# Problem description
Starting with the line below that holds "bathroom with toilet, vanity, and" and stopping after the line that holds "Ingredients for date", transcribe the lines exactly, leaving out all pictures.

[Records excerpted from a collection]

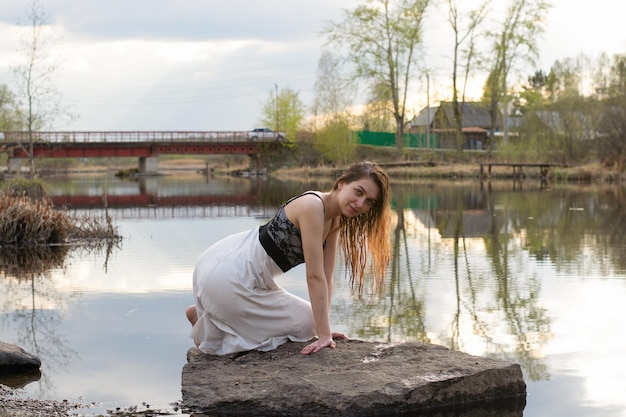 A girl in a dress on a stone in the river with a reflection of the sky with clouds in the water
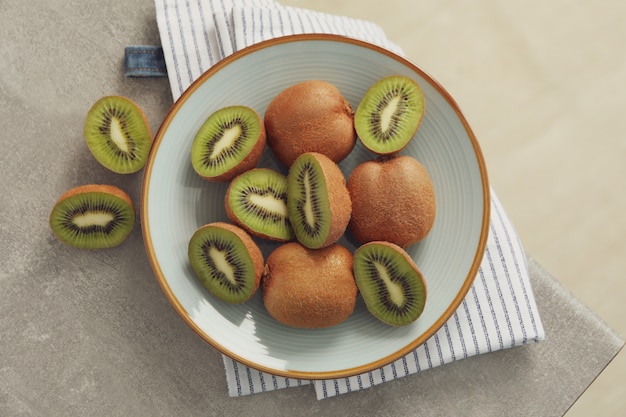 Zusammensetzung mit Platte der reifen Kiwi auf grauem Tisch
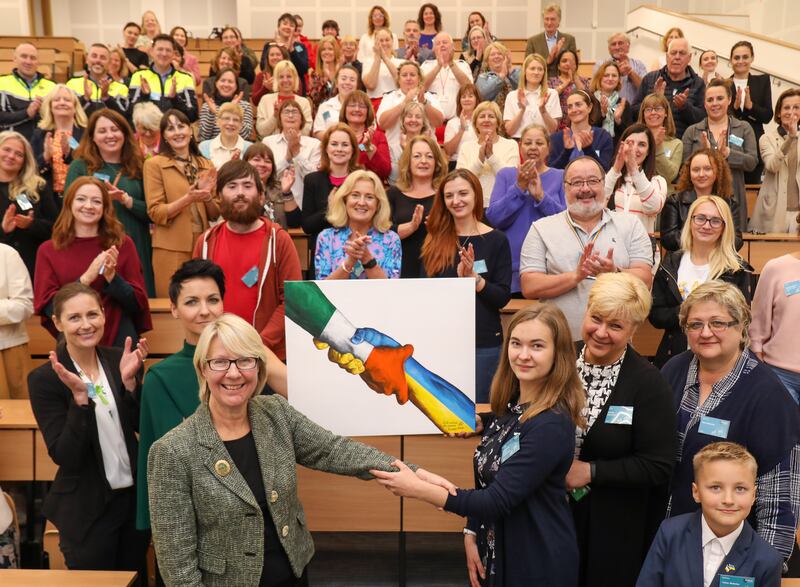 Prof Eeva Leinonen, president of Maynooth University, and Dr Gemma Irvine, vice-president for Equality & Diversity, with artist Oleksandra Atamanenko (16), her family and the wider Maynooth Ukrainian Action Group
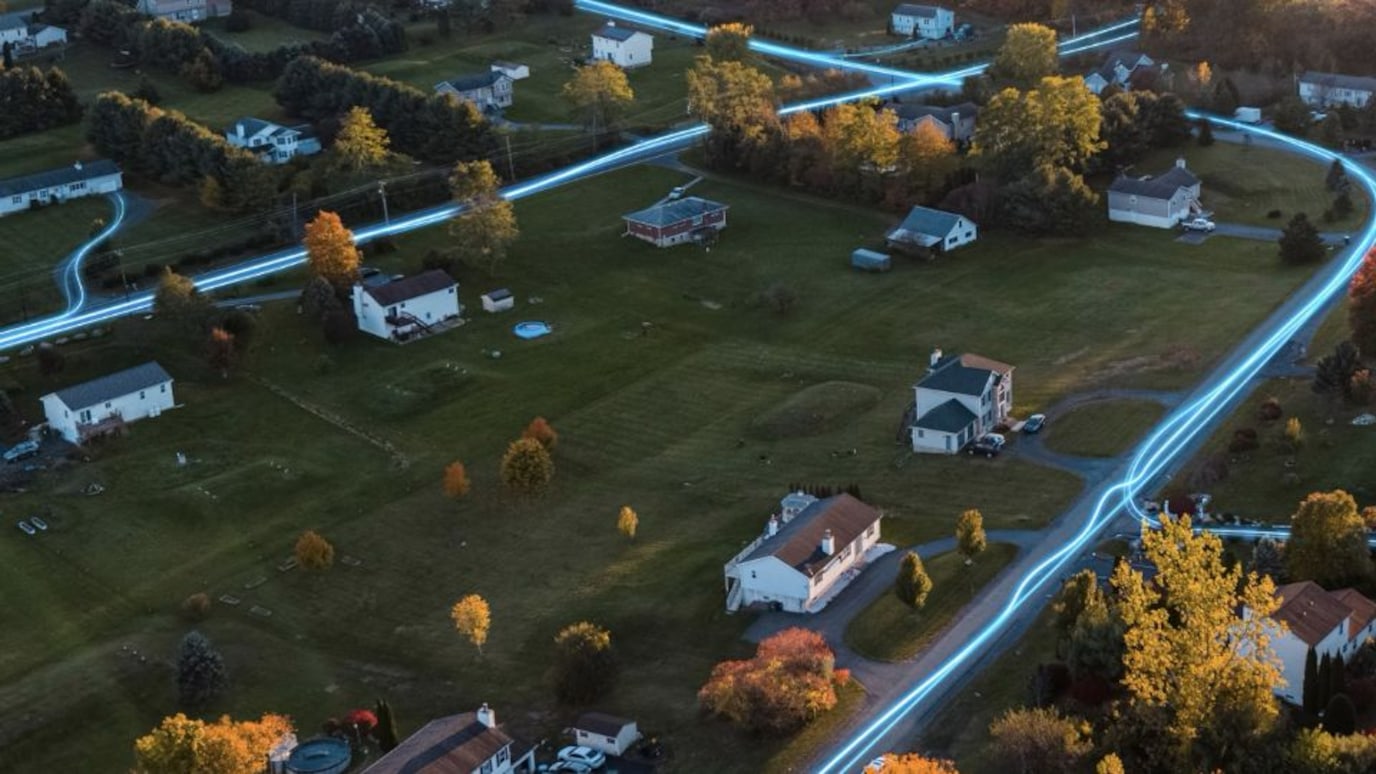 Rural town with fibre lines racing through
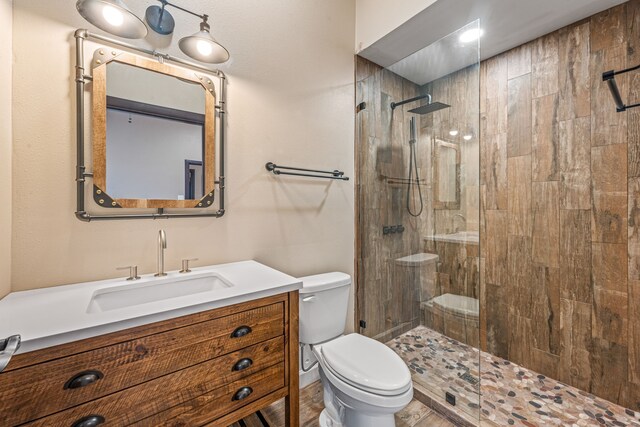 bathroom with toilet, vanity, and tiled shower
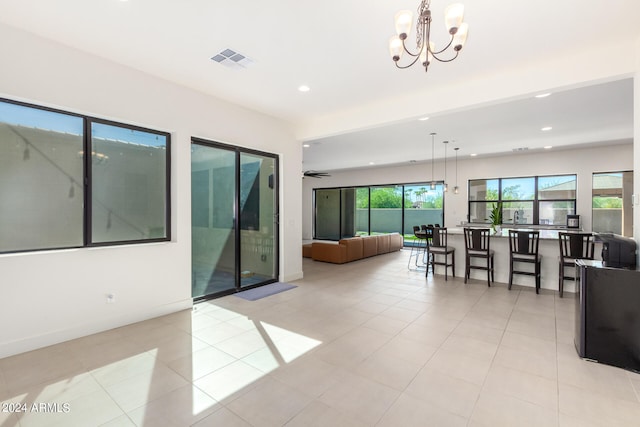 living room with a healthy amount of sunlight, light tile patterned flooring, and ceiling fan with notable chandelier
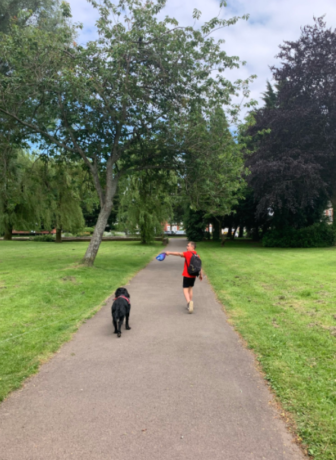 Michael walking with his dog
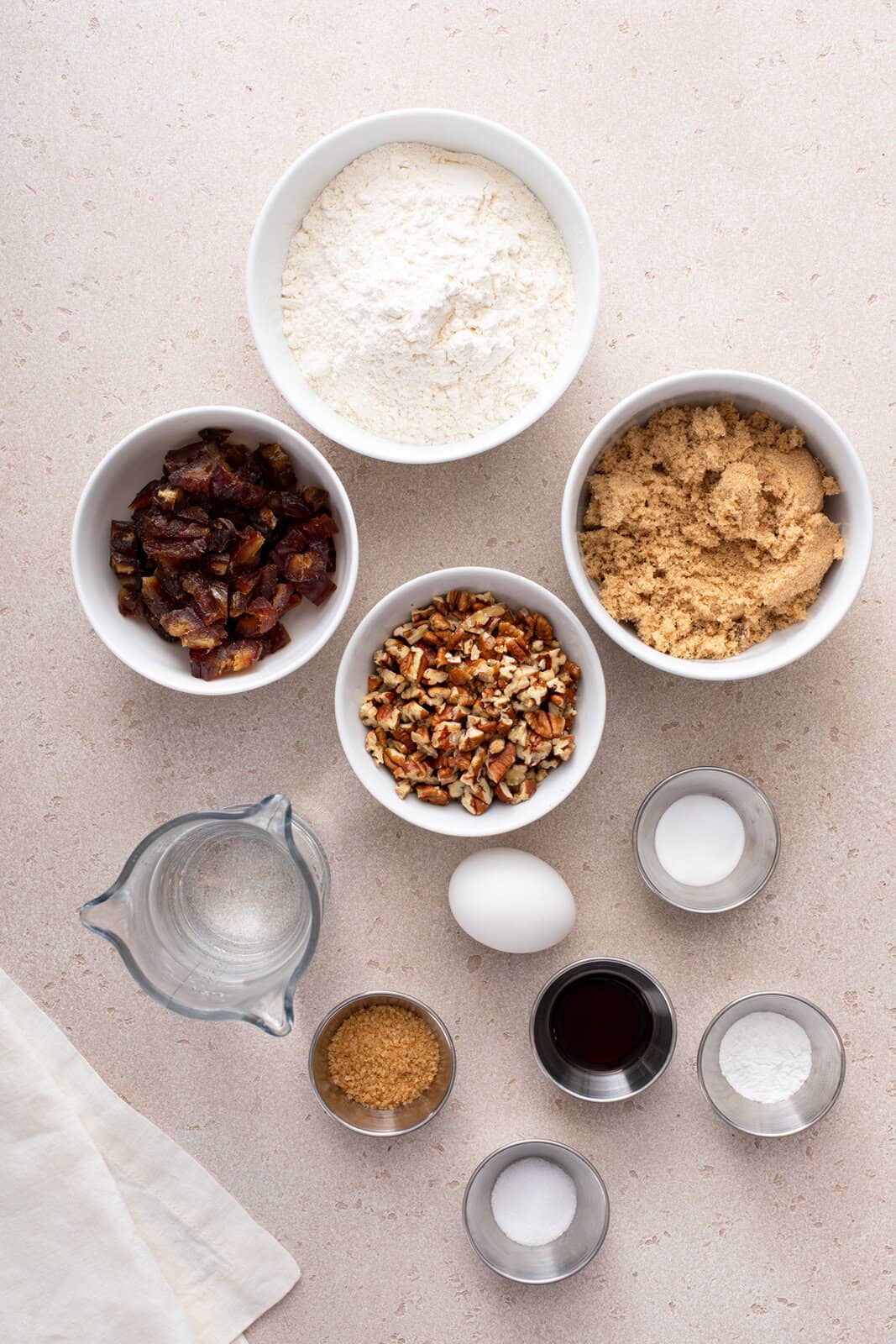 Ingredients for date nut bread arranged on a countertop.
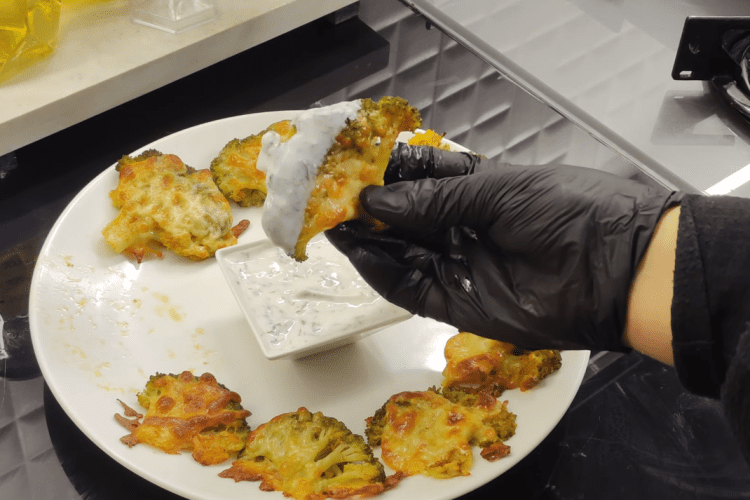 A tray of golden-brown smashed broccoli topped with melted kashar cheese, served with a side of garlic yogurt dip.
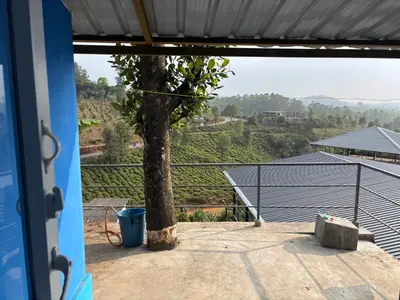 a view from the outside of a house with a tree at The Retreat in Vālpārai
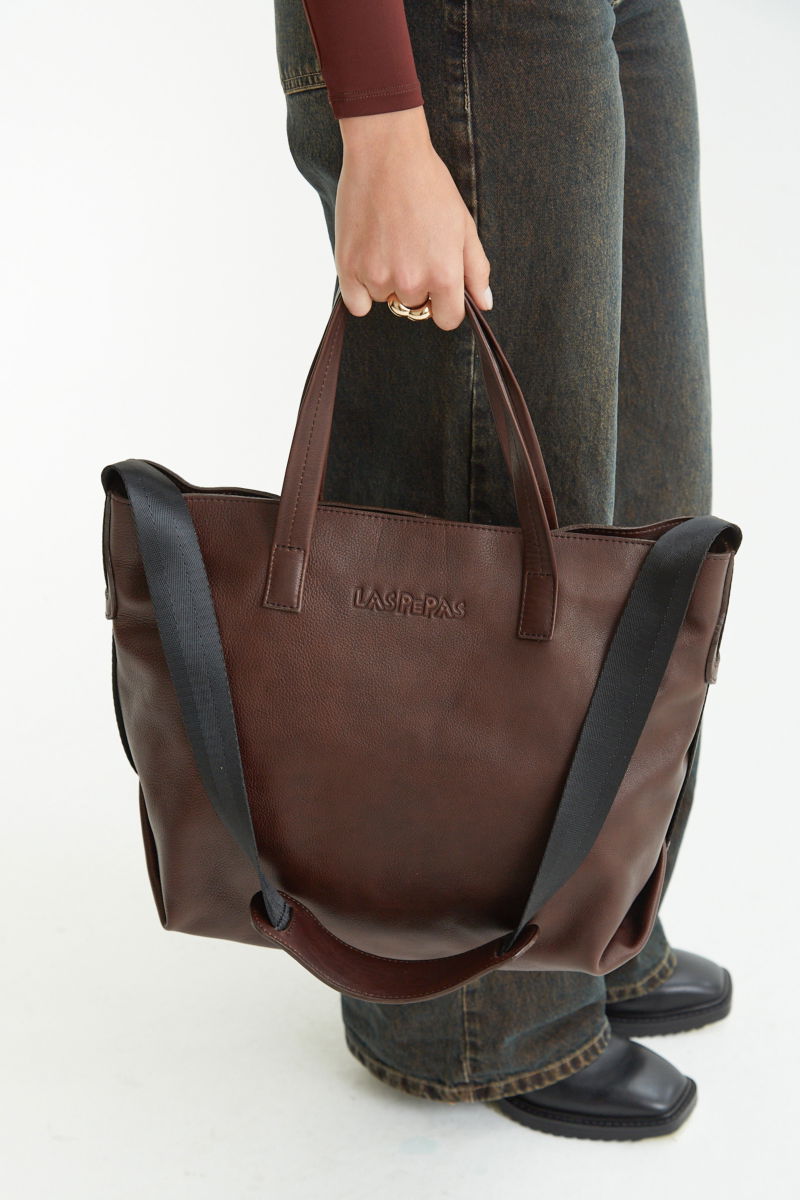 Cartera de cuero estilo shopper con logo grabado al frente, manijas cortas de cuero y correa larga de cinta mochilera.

# Answer section
 bathroom with toilet, vanity, and tiled shower
 living room with a healthy amount of sunlight, light tile patterned flooring, and ceiling fan with notable chandelier
 Michael walking with his dog
 Ingredients for date nut bread arranged on a countertop.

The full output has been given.